The input:
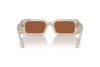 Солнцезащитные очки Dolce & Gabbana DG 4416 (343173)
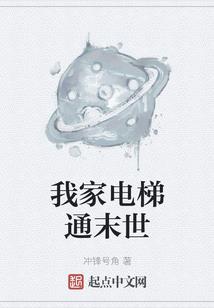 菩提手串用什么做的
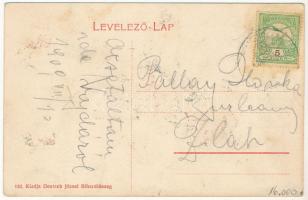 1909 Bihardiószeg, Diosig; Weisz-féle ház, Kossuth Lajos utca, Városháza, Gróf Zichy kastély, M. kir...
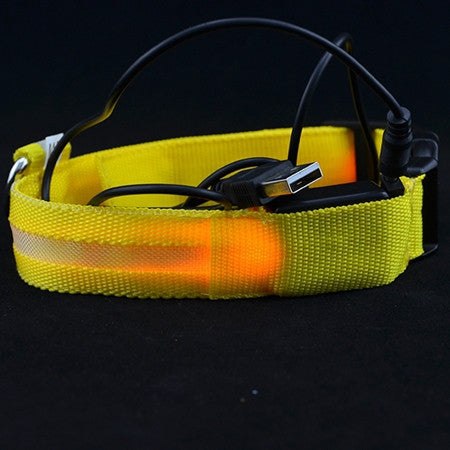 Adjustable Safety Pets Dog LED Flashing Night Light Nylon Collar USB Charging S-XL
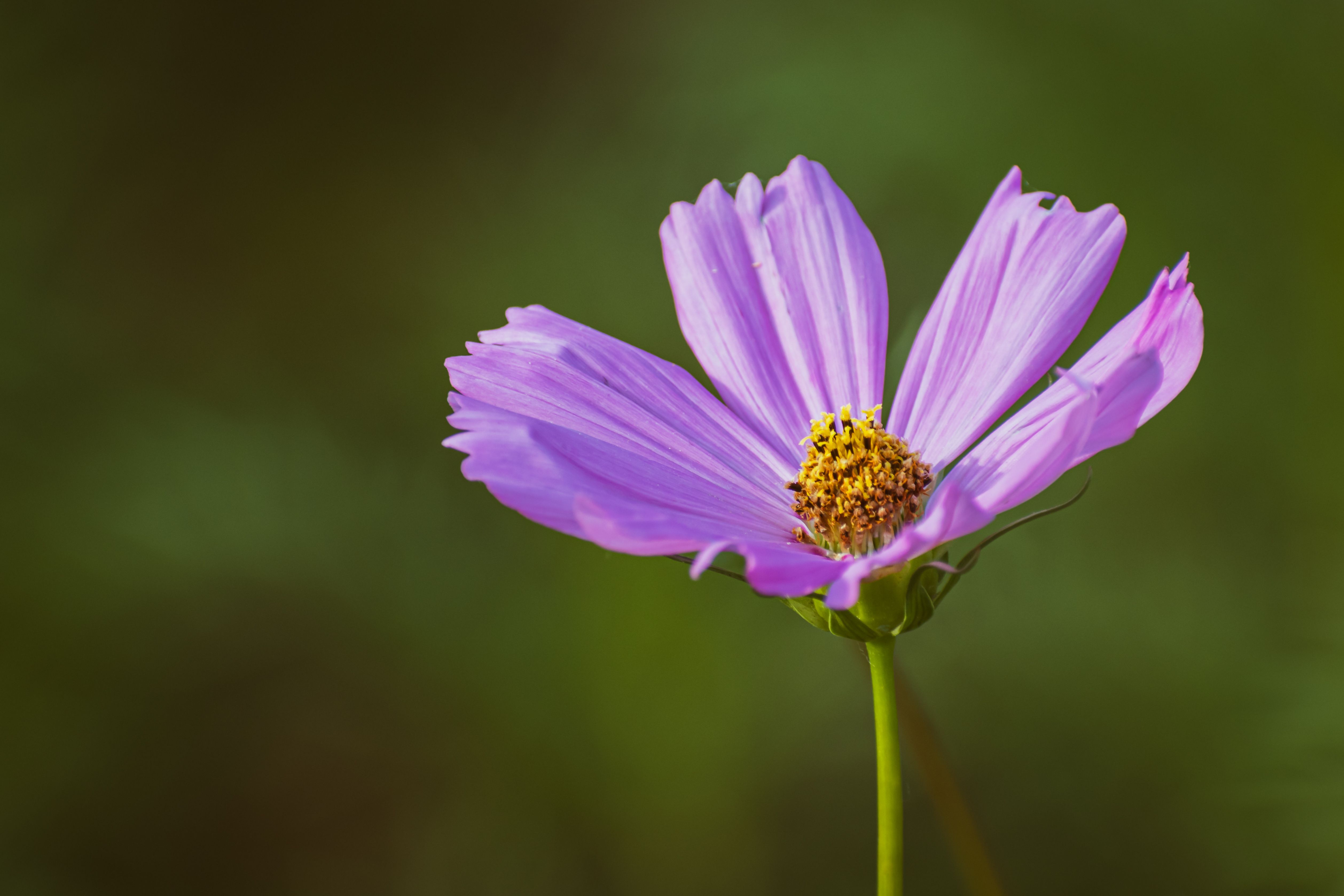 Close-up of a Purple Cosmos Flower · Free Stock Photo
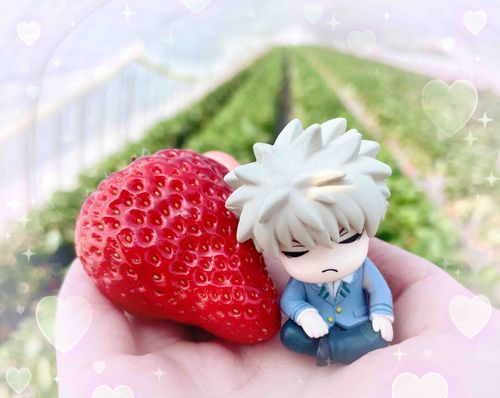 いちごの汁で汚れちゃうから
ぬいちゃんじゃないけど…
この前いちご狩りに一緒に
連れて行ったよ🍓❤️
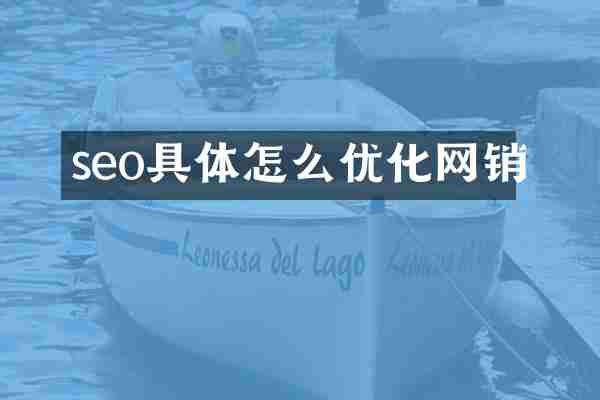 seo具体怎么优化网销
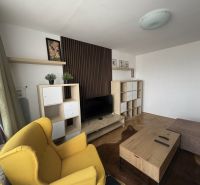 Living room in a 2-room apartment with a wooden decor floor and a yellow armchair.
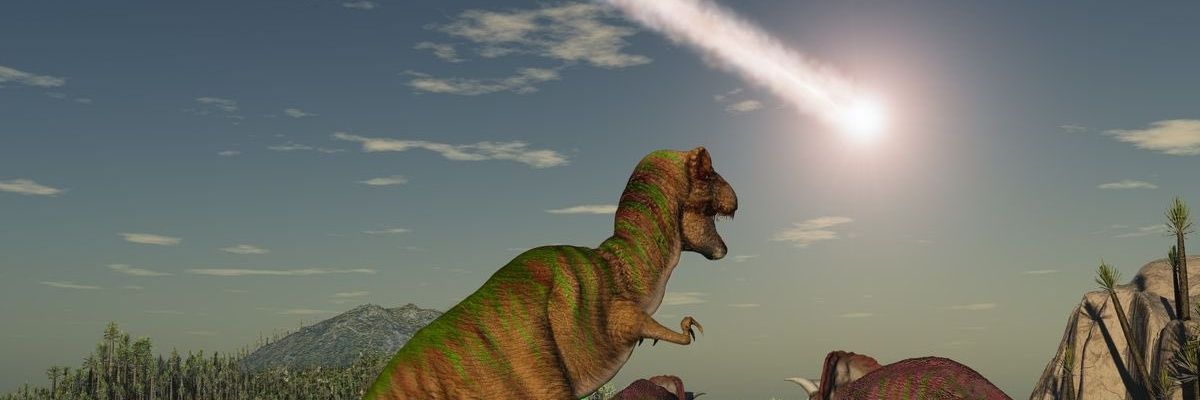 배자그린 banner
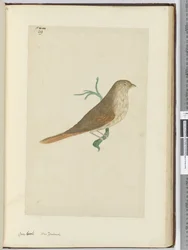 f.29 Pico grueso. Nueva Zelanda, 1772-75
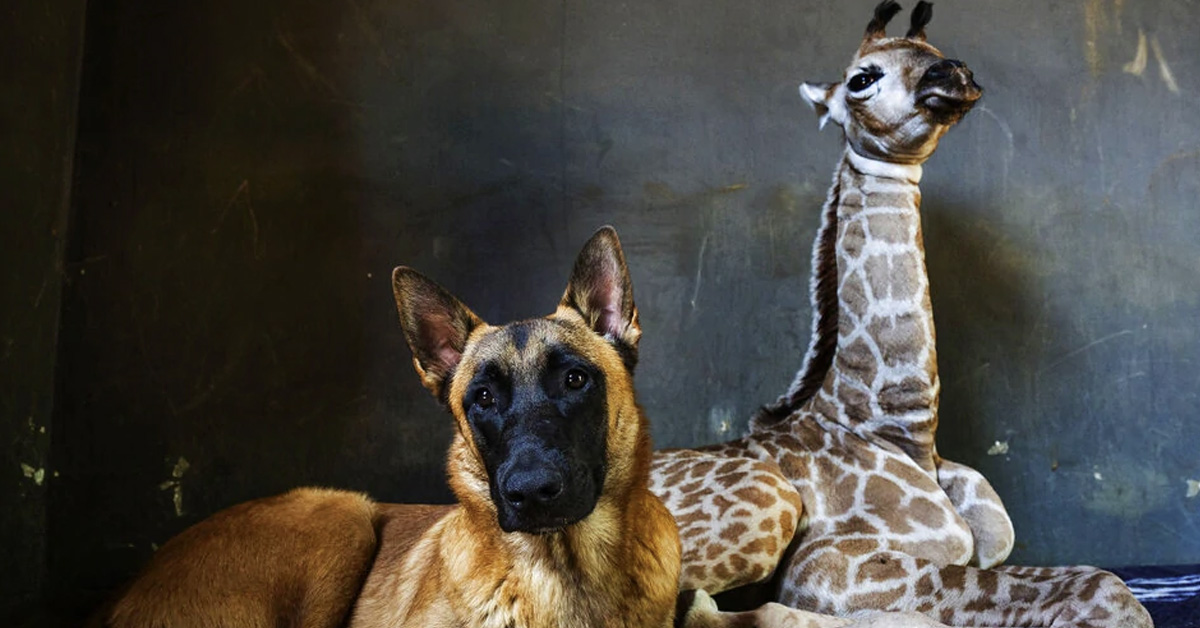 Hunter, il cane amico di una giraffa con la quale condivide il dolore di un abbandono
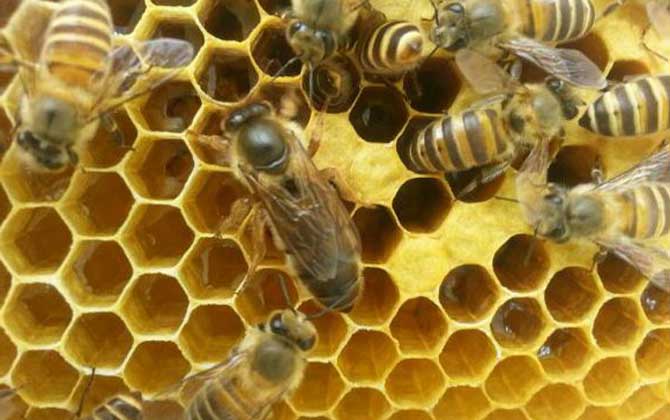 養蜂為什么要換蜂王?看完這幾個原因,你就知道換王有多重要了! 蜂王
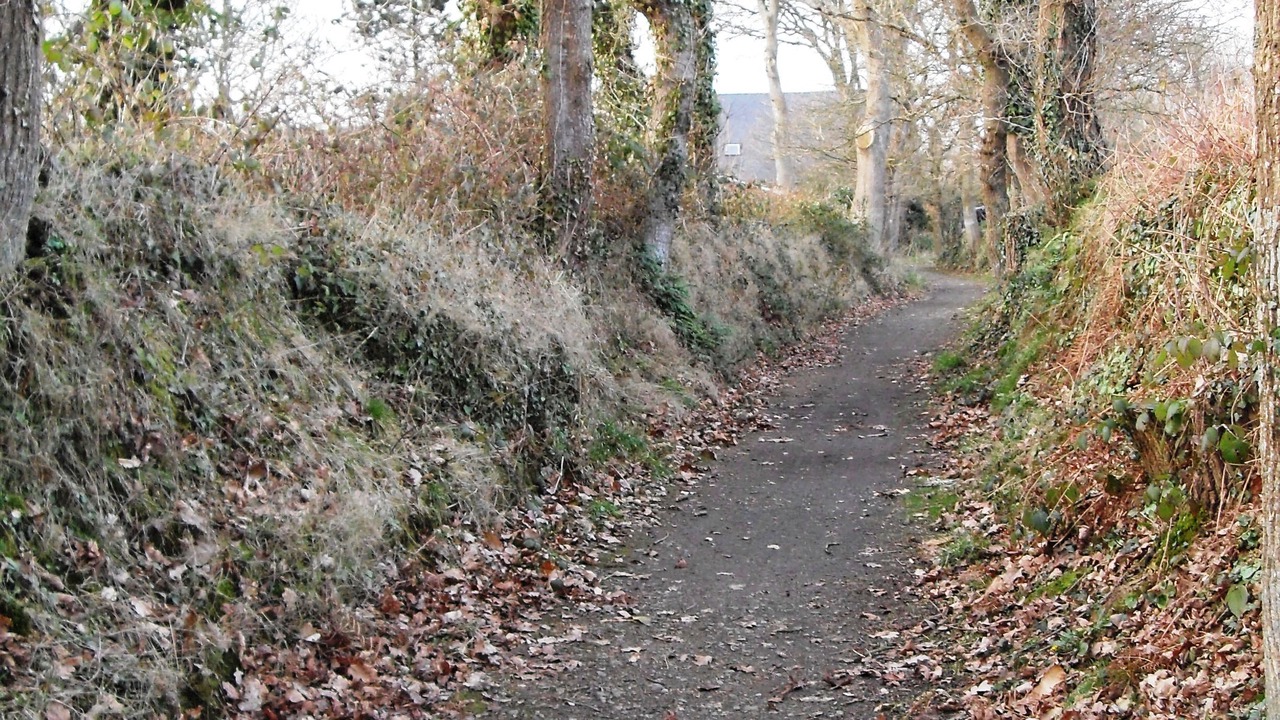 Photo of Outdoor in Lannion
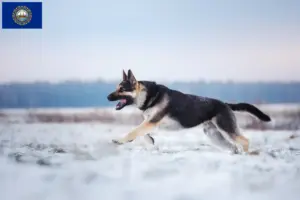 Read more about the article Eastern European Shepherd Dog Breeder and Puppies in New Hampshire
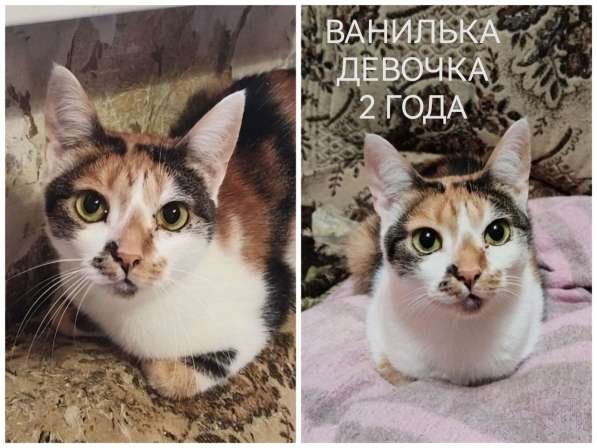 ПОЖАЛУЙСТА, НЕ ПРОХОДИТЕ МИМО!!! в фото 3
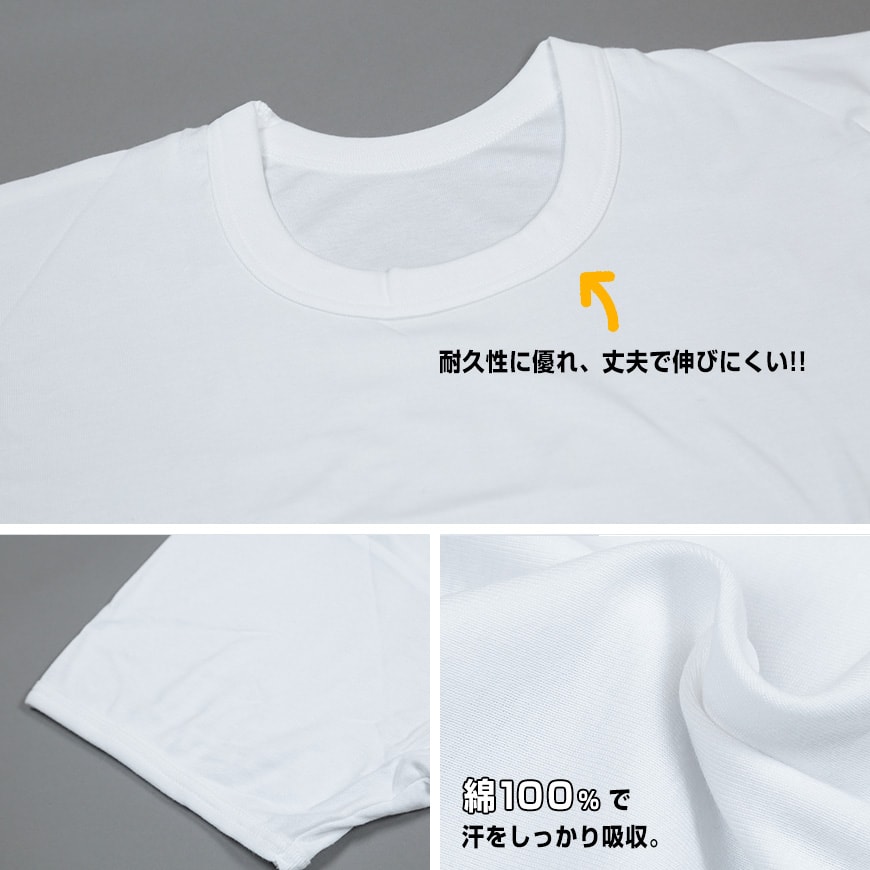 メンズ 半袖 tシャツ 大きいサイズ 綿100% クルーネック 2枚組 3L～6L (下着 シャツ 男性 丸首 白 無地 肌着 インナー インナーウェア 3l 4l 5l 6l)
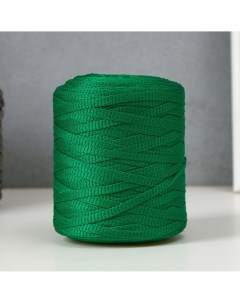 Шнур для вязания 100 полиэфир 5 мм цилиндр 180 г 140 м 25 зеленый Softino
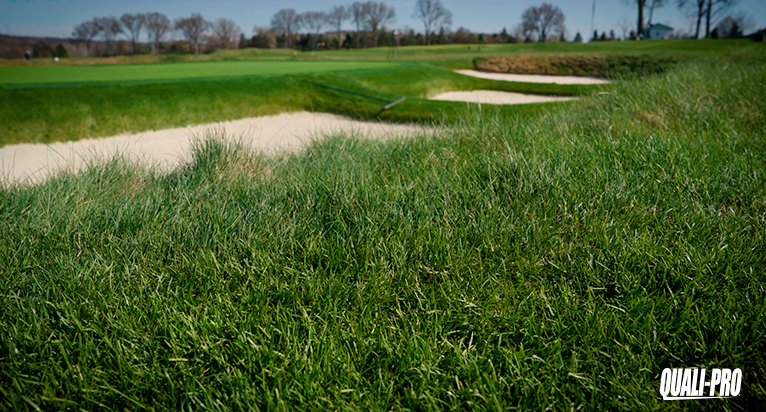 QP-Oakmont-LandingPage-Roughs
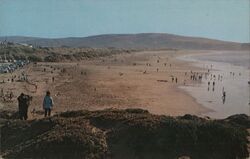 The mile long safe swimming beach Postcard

Activity:
When you return the listing, keep each line exact and leave the pictures out.

Task result:
 Солнцезащитные очки Dolce & Gabbana DG 4416 (343173)
 菩提手串用什么做的
 1909 Bihardiószeg, Diosig; Weisz-féle ház, Kossuth Lajos utca, Városháza, Gróf Zichy kastély, M. kir...
 Adjustable Safety Pets Dog LED Flashing Night Light Nylon Collar USB Charging S-XL
 Close-up of a Purple Cosmos Flower · Free Stock Photo
 いちごの汁で汚れちゃうから
ぬいちゃんじゃないけど…
この前いちご狩りに一緒に
連れて行ったよ🍓❤️
 seo具体怎么优化网销
 Living room in a 2-room apartment with a wooden decor floor and a yellow armchair.
 배자그린 banner
 f.29 Pico grueso. Nueva Zelanda, 1772-75
 Hunter, il cane amico di una giraffa con la quale condivide il dolore di un abbandono
 養蜂為什么要換蜂王?看完這幾個原因,你就知道換王有多重要了! 蜂王
 Photo of Outdoor in Lannion
 Read more about the article Eastern European Shepherd Dog Breeder and Puppies in New Hampshire
 ПОЖАЛУЙСТА, НЕ ПРОХОДИТЕ МИМО!!! в фото 3
 メンズ 半袖 tシャツ 大きいサイズ 綿100% クルーネック 2枚組 3L～6L (下着 シャツ 男性 丸首 白 無地 肌着 インナー インナーウェア 3l 4l 5l 6l)
 Шнур для вязания 100 полиэфир 5 мм цилиндр 180 г 140 м 25 зеленый Softino
 QP-Oakmont-LandingPage-Roughs
 The mile long safe swimming beach Postcard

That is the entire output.